Dataset entries

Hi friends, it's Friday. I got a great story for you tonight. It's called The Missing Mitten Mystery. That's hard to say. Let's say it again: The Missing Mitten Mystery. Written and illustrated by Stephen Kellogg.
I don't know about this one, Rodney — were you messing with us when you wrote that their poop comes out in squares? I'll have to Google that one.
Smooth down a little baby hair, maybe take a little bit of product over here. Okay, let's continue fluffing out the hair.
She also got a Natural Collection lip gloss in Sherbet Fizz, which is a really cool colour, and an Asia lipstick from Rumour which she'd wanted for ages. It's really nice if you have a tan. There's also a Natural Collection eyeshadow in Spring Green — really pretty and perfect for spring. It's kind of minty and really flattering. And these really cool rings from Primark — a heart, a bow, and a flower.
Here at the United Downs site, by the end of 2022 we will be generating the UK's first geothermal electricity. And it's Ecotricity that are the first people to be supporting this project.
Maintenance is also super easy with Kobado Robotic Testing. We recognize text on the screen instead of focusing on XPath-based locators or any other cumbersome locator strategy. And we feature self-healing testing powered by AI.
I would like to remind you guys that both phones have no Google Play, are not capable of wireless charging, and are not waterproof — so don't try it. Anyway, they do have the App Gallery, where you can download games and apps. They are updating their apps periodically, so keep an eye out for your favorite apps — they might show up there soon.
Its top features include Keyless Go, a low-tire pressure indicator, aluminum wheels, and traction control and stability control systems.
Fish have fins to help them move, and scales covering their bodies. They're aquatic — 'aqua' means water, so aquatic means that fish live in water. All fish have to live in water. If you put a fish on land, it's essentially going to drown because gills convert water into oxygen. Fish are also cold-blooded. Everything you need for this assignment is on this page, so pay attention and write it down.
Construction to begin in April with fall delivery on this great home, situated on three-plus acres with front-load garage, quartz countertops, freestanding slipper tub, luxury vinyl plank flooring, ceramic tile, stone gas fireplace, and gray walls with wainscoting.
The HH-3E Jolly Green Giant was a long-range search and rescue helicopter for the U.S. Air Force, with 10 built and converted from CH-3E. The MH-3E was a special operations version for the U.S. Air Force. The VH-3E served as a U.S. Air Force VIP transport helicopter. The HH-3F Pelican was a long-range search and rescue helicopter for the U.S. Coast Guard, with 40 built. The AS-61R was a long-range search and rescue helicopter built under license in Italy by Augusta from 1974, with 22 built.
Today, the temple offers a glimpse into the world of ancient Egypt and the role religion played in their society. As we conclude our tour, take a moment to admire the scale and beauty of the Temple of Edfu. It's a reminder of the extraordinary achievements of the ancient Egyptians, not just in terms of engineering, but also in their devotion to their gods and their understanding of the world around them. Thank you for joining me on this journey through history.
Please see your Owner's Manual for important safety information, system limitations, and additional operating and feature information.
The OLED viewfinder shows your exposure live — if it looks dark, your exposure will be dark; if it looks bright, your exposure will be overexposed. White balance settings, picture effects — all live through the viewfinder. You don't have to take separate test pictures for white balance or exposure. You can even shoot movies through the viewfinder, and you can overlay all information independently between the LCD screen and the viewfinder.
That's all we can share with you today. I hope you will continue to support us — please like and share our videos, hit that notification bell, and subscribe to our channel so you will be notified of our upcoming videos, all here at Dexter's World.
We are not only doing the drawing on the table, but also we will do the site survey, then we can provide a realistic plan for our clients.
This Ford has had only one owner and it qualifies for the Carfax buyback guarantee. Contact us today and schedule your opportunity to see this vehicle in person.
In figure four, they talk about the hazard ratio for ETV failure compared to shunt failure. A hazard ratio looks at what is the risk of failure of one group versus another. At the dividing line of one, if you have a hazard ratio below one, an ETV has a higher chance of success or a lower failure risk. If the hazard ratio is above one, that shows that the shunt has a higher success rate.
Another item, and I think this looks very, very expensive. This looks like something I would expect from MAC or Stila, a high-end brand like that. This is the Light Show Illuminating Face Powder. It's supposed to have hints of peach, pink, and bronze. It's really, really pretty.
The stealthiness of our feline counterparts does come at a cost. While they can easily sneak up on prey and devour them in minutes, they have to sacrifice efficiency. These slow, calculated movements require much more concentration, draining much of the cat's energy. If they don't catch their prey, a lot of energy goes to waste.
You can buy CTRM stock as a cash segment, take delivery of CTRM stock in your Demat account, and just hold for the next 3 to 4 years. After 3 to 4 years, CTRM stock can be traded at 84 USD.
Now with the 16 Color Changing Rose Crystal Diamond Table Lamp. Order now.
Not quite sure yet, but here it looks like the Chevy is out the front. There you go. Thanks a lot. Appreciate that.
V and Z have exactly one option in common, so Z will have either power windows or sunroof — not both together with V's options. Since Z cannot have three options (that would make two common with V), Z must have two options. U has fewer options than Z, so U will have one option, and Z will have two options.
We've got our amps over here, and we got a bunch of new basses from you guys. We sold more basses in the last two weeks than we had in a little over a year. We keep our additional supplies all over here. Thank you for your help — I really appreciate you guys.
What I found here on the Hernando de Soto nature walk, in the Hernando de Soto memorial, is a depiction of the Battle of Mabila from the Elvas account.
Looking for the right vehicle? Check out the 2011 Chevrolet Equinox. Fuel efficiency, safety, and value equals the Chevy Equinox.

* _Work to complete_: Every line in the data that holds the string "about" should be copied.

* _Solution_:
I don't know about this one, Rodney — were you messing with us when you wrote that their poop comes out in squares? I'll have to Google that one.
In figure four, they talk about the hazard ratio for ETV failure compared to shunt failure. A hazard ratio looks at what is the risk of failure of one group versus another. At the dividing line of one, if you have a hazard ratio below one, an ETV has a higher chance of success or a lower failure risk. If the hazard ratio is above one, that shows that the shunt has a higher success rate.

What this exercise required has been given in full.